Kelompok penabuh wanita yang pentas pada malam itu terdiri dari para dosen, pegawai, mahasiswi dan alumni ISI Denpasar yang berkibar dengan nama Asti Pertiwi. Selain sudah hadir ke pelosok Bali, sekaa gong wanita ini juga telah unjuk kebolehan di pulau Jawa seperti Solo dan Jakarta. Pentas ngayah (pagelaran seni non-profit) dalam konteks ritual keagamaan menjadi arena yang paling sering dihadiri Asti Pertiwi untuk mengibur masyarakat dan sekaligus sebagai persembahan pada Hyang Widhi. Seperti saat tampil di Desa Sukawati itu, mereka ngayah melantunkan tatabuhan yang memberi suasana hikmat piodalan dan kemudian tampil dalam pagelaran balih-balihan yaitu sajian presentasi artistik alias suguhan keindahan seni.
Binar keindahan yang dilantunkan oleh Asti Pertiwi adalah melalui gamelan cinta, Semarapagulingan. Untuk diketahui, grup-grup penabuh wanita yang kini bermunculan pada umumnya memainkan gamelan Gong Kebyar, sebuah ansembel gamelan Bali yang paling luas sebarannya, hampir dimiliki oleh setiap desa atau banjar. Asti Pertiwi menyuntuki Semarapagulingan, salah satu barungan gamelan yang di masa lalu eksis di lingkungan istana. Seperti namanya, samara pagulingan, gamelan yang bersuara manis nan merdu ini ditabuh untuk mengiringi raja dan permaisurinya saat memadu cinta kasih di peraduan. Kini, gamelan Semarapagulingan semakin terdesak oleh popularitas Gong Kebyar.

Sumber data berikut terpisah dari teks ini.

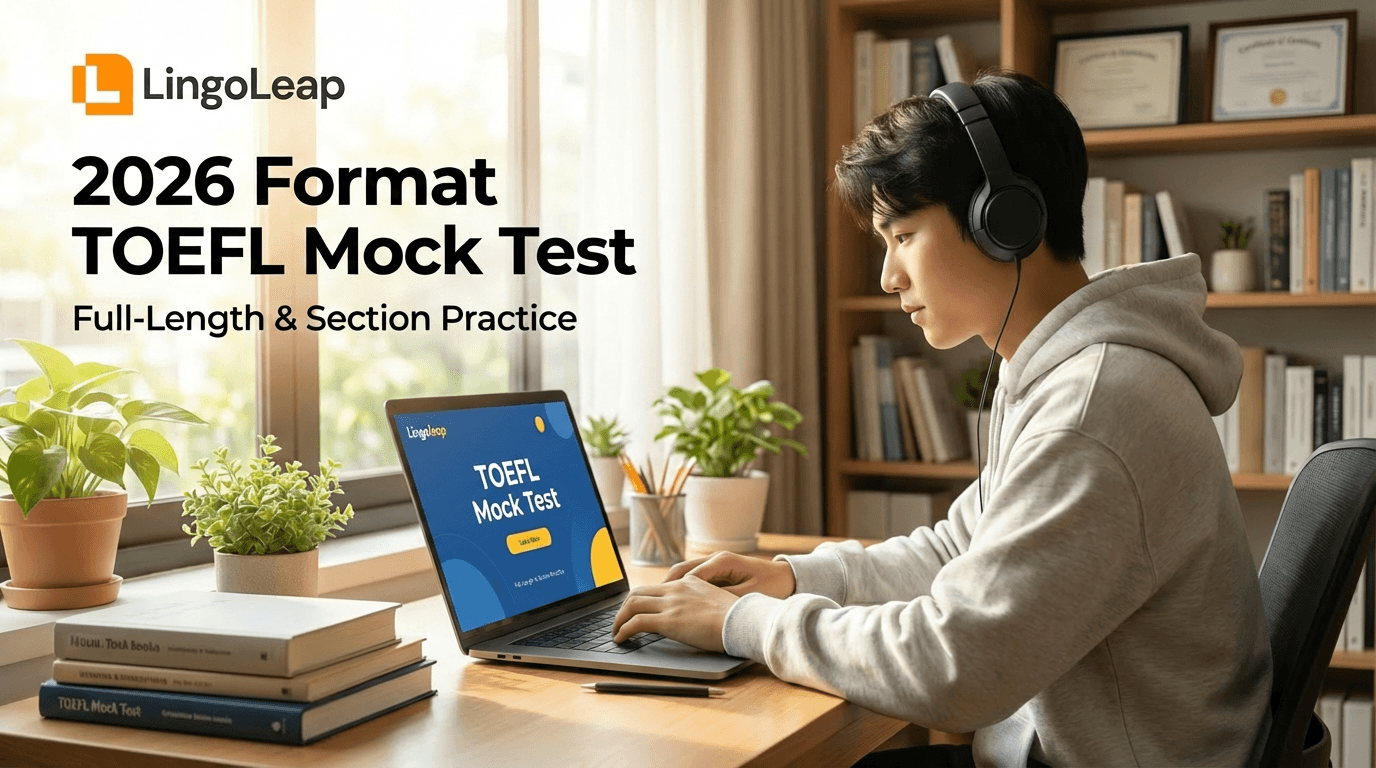 Lingoleap Launches 2026-Format TOEFL Mock Test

Ada dua bentuk gamelan Semarapagulingan yakni yang bernada lima (saih lima) dan yang bernada tujuh (saih pitu). Grup Asti Pertiwi ISI Denpasar mengekspresikan gairah berkeseniannya mempergunakan Semarapagulingan bernada tujuh. Untuk memainkan gamelan Semarapagulingan tujuh nada ini memerlukan keterampilan khusus, relatif lebih sulit dibandingkan memakai media Gong Kebyar. Untuk memberikan pemahaman konsep musikal gamelan saih pitu, malam itu, di sela-sela pertunjukan, Rektor ISI, Prof. Dr. I Wayan Rai S.,MA, menunjukkan kepada para penonton tentang beberapa tangga nada yang dimiliki oleh gamelan Semaparapagulingan.
Melalui media Semarapagulingan saih pitu–setelah ngayah bersanding dengan penabuh pria Gong Kebyar Banjar Tebuana Sukawati– pada pertunjukan inti yang disesaki penonton, Asti Pertiwi mebarung dengan kelompok penabuh pria para mahasiswa dan dosen ISI. Asti Pertiwi tampil apik mengiringi tari Selat Segara, Topeng Arsawijaya, dan tari Margapati. Sepasang pemain kendang mengendalikan gending dengan sigap. Tukang ugal yang bertugas menuntun melodi meniti nada-nada instrumen gangsa dengan penuh sugesti. Para penabuh jublag dan jegog yang memainkan pokok-pokok lagu mengayun panggul-nya dengan lentur dan awas. Semuanya bermain dengan tertib, semangat, dan dengan senyum tersungging.
Sebelum mengiringi tiga tarian itu, sebuah konser gamelan dengan judul “Cita Pertiwi“ berhasil menggugah penonton. Tabuh karya dosen ISI Ni Ketut Suryatini, SSKar, M.Sn ini bertutur tentang harapan dan hasrat kaum wanita Bali untuk mensejajarkan diri dengan kaum pria dalam segala bidang kehidupan, termasuk dalam bidang kesenian atau seni budaya Bali pada umumnya. Penonton terkesima karena tabuh berdurasi sekitar 10 menit ini memadukan gamelan, olah vokal dan tarian. Lewat media Semarapagulingan tujuh nada, Suryatini mengeksplorasi sekian modulasi yang dimungkinkan oleh fleksibelitas gamelan ini, baik tampak pada garapan musik gamelannya maupun pada ungkapan vokal oleh seluruh pemain. Selingan tarian para pemain gamelan saat-saat menanjak pada klimaks tabuh, membuat “Cita Pertiwi” tampak begitu asyik disajikan.